> _Your task_
From the records, return each line that has the word "Design" in it.

[Caption-style text data]
===

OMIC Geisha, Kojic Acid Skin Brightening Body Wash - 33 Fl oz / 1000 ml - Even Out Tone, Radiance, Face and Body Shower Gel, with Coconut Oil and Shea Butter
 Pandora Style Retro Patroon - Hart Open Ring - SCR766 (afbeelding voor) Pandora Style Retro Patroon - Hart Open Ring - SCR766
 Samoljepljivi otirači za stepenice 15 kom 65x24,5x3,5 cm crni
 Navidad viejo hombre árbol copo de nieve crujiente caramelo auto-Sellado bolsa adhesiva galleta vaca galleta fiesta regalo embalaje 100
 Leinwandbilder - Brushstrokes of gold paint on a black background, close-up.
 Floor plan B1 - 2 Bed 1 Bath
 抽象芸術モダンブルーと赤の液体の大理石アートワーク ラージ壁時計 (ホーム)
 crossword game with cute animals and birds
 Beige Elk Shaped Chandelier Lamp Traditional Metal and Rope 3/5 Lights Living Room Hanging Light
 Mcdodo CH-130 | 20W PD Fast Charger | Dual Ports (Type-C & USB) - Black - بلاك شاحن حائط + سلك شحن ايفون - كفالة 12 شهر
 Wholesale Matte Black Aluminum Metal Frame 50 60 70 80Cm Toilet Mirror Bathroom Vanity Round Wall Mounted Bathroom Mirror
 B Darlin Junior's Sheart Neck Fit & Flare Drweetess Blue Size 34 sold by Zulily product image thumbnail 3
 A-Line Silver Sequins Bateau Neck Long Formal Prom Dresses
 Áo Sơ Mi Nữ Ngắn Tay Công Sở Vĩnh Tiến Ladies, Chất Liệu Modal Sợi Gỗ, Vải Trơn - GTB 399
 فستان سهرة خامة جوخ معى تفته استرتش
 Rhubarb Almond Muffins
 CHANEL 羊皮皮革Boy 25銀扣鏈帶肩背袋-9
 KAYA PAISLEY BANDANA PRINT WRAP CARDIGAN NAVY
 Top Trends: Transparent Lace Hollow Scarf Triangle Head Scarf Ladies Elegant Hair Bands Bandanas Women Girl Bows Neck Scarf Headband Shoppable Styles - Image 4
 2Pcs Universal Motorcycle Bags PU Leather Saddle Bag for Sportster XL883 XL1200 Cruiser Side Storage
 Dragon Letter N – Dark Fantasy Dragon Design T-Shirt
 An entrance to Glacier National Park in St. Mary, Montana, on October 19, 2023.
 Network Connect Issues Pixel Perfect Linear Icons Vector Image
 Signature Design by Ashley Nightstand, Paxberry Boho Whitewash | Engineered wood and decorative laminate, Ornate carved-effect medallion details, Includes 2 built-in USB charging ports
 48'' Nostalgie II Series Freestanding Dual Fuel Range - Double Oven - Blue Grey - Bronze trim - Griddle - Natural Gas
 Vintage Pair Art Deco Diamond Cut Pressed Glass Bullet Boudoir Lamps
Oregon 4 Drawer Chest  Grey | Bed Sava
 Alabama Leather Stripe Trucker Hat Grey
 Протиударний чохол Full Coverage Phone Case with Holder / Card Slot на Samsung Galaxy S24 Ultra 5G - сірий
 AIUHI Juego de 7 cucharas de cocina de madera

===

> _Task solution_
 Dragon Letter N – Dark Fantasy Dragon Design T-Shirt
 Signature Design by Ashley Nightstand, Paxberry Boho Whitewash | Engineered wood and decorative laminate, Ornate carved-effect medallion details, Includes 2 built-in USB charging ports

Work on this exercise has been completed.